▸ Try it
Retype the listing below line for line, but only from the line with "Hacienda Santa Cruz" down to the line with "19th Century Ash", inclusive. Pictures stay out.

▸ Dataset extract
= = = = = = =

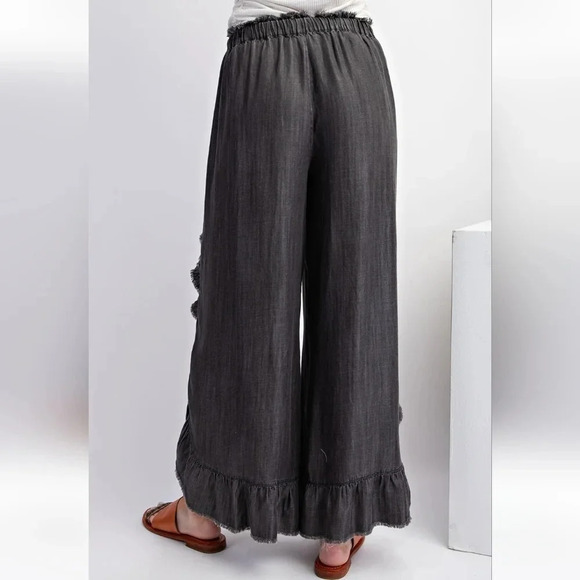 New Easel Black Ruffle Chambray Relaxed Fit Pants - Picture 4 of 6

= = = = = = =

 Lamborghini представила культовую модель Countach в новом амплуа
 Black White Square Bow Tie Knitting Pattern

= = = = = = =

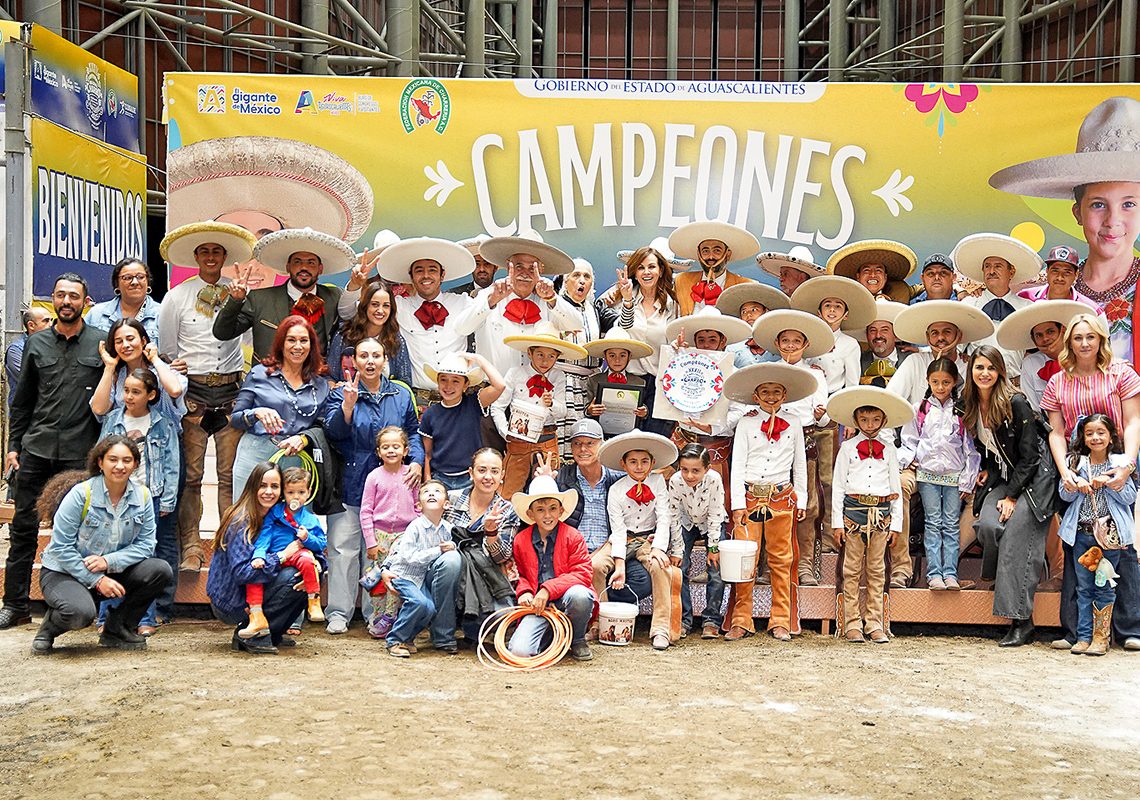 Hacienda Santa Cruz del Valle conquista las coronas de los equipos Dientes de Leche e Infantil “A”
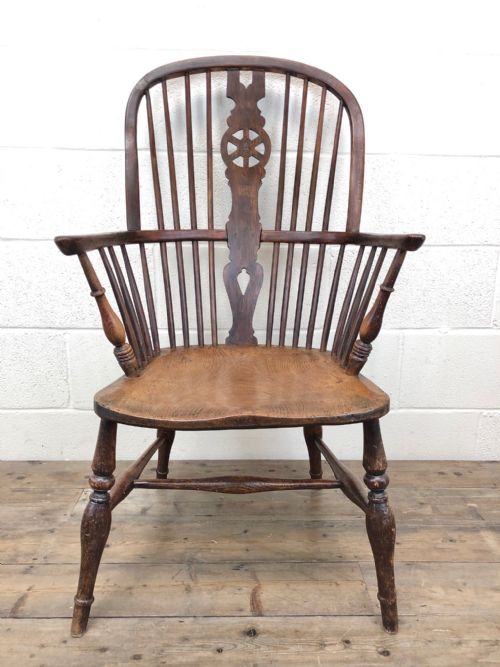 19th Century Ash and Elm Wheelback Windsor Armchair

= = = = = = =

▸ Result below
 Hacienda Santa Cruz del Valle conquista las coronas de los equipos Dientes de Leche e Infantil “A”
 19th Century Ash and Elm Wheelback Windsor Armchair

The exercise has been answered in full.